A case in point concerns barn owls. Can an encounter with a barn owl be described as profound? Well, in my own case, yes—assuredly so. It is a bird which has a head start in charisma anyway because of the element of mystery carried by all owls as creatures of the night, which makes them prominent in folklore across the world; but what you get with a barn owl is something you don’t get with its fellow species like tawny owls: in the right circumstances, visibility.


For barn owls are not only creatures of the night, they are creatures of the evening—they are, to use that charming word, crepuscular, and will often start their hunting about half an hour before sunset, and it is in these circumstances that they can provide a spectacle which I find wonderful and moving. It’s not just beauty, though beautiful the birds most certainly are. It’s perhaps something to do with the rarity of the occasion—how many times have you watched a barn owl hunting?—and something even more to do with the quality of the flight, which is this silent, unhurried, low quartering of the landscape, a sort of mesmeric cruising over the grassland as they hunt for voles. When we see other birds flying, most are dashing from one place to another, are they not? Barn owls, though, are slow and deliberate, and they take their time, untroubled by anything but their purpose.
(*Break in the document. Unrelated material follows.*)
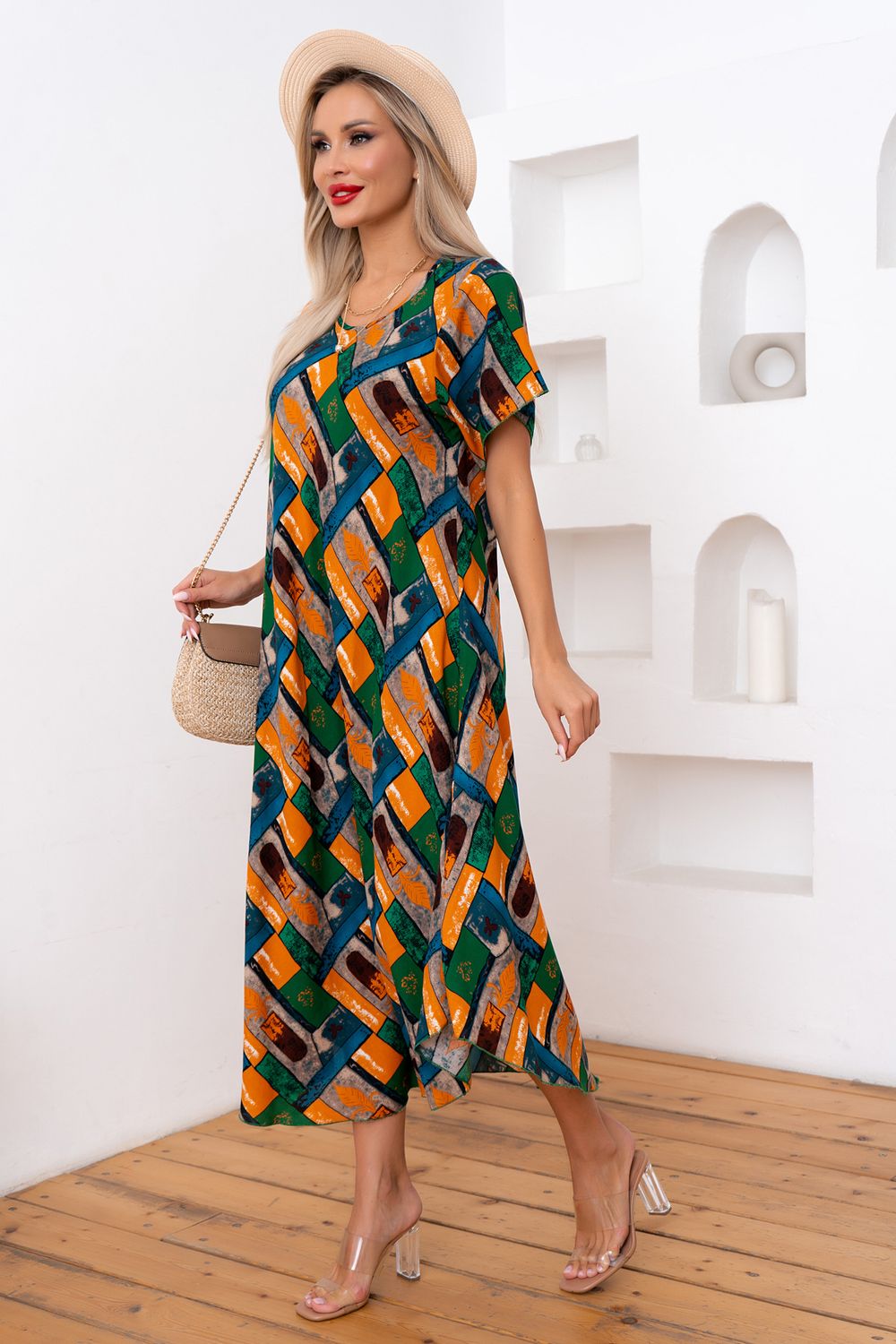 Платье Магия лета (охра/зеленый) Р11-867/6 Nikol (Акция)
But most if all, it’s the time of day. Evenings with their stillness and soft fading light, and hunting barn owls, make a magical combination—my friend the nature writer Brian Jackman described them to me as “mysterious creatures of the twilight zone, soundlessly floating through the dusk on their exquisite thistledown wings.” And so it was in March, in our village, where we are blessed, not only with the bullfinches and primroses I have already written about this year, but with barn owls on all sides. In the first week of the month, on the first proper evenings of the year, which were very lovely, we had a barn owl which turned up at the cricket pitch at 5.15pm, and proceeded to hunt over the grasslands beyond, and a group of us went out to watch it.


I was moved beyond words. It wasn’t just the spectacle, the entrancing floating flight which was magnificent, above all when the bird caught the rays of the setting sun and the white plumage was suddenly glowing golden, as if lit from within. It was the occasion, somehow, it was almost a visitation, by an extraordinary creature from a different world; like being suddenly shown a reality very unlike the everyday. I’ve racked my brains for a comparison and the only thing I can think of is, it was like hearing a nightingale sing in the middle of a wood at midnight. It was the visual equivalent of that. What I mean is, it was wondrous.


You can say, don’t get carried away, it’s only a bird, and it was. But something in the act of watching it opened a door for me. It was a door into the wonder at the heart of the natural world, the place where we came from, and the place that—we sometimes suddenly realise—we long for, at the deepest level of our souls.